What you have to do: The expected output is each line from the one containing "Floral Peach Beaded" to the last line of the data below, set down exactly, minus the pictures.

Records for this task:
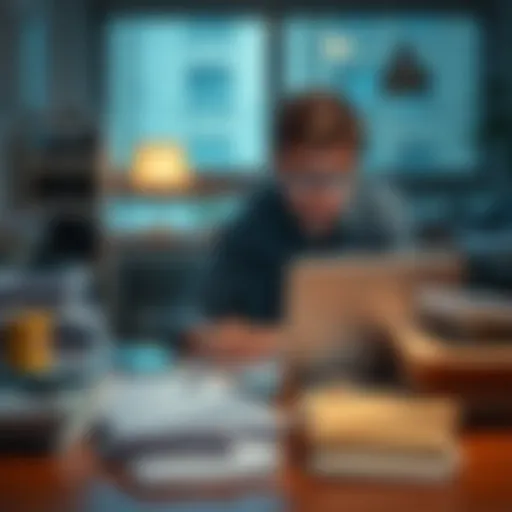 A person looking annoyed while checking their email on a laptop, surrounded by papers and a cluttered desk.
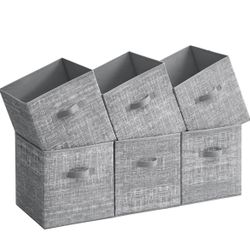 SONGMICS 13" Storage Cubes Non-Woven Fabric Bins w/ Double Handles Set of 6 - Gray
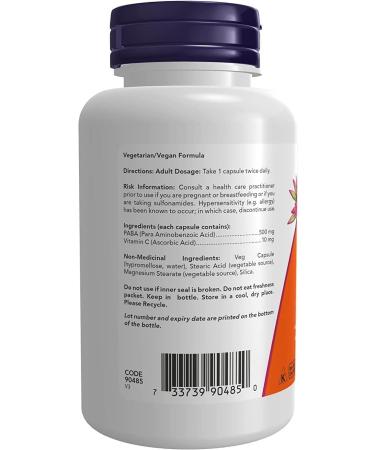 Now PABA 500mg w/Vit C 100vcap - Buy Online on GoSupps.com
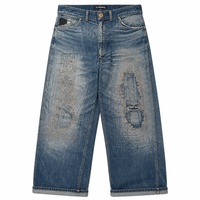 Jean ample d'hiver pour homme Custom Boro 14oz, bleu moyen, délavage vintage, coupe large, poches de charpentier, effet délavé, OEM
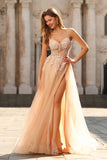 Floral Peach Beaded Tulle Sheer Bone Corset Maxi Prom Dress with Slit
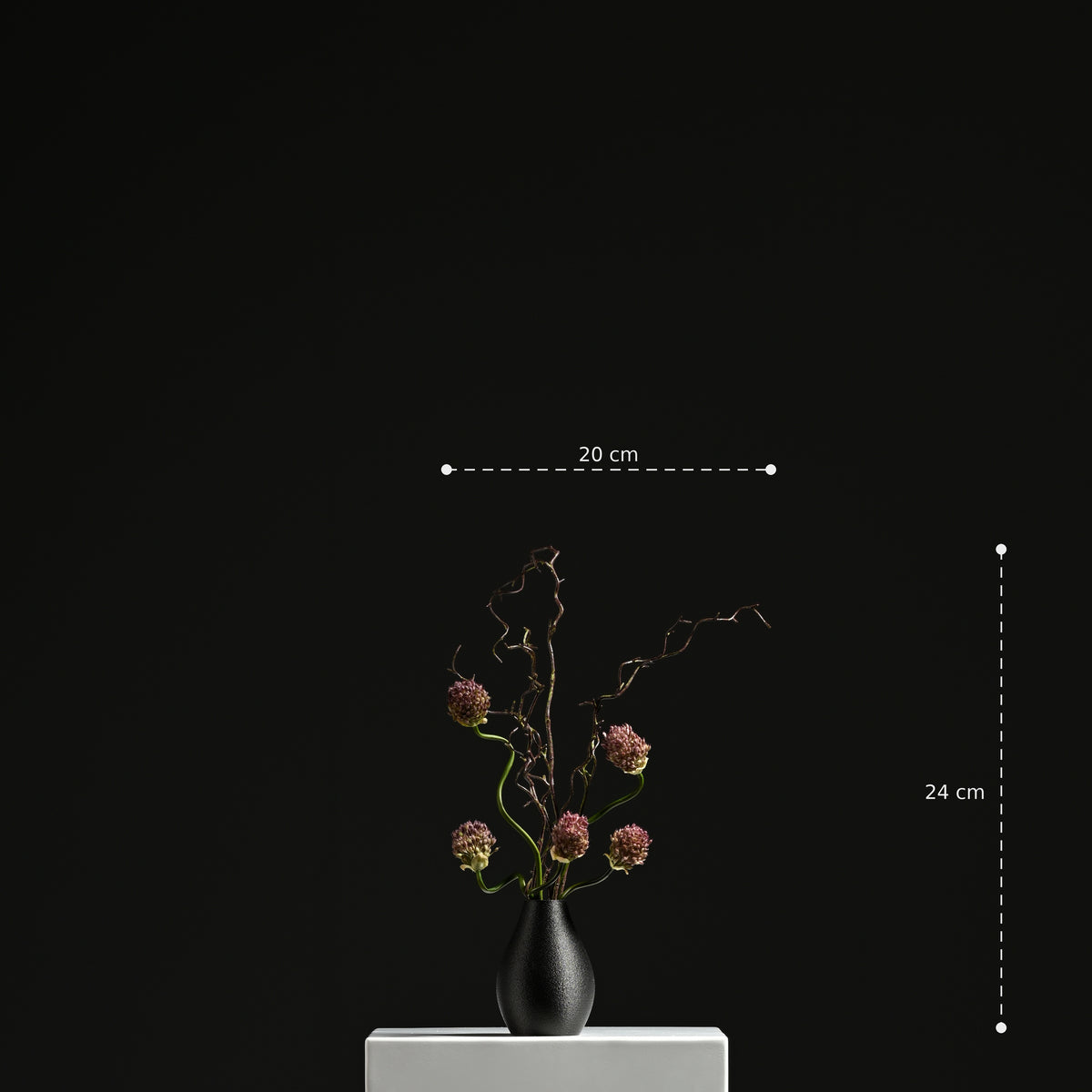 Eva Drop Vase 15 Metal Black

Your response:
 Floral Peach Beaded Tulle Sheer Bone Corset Maxi Prom Dress with Slit
 Eva Drop Vase 15 Metal Black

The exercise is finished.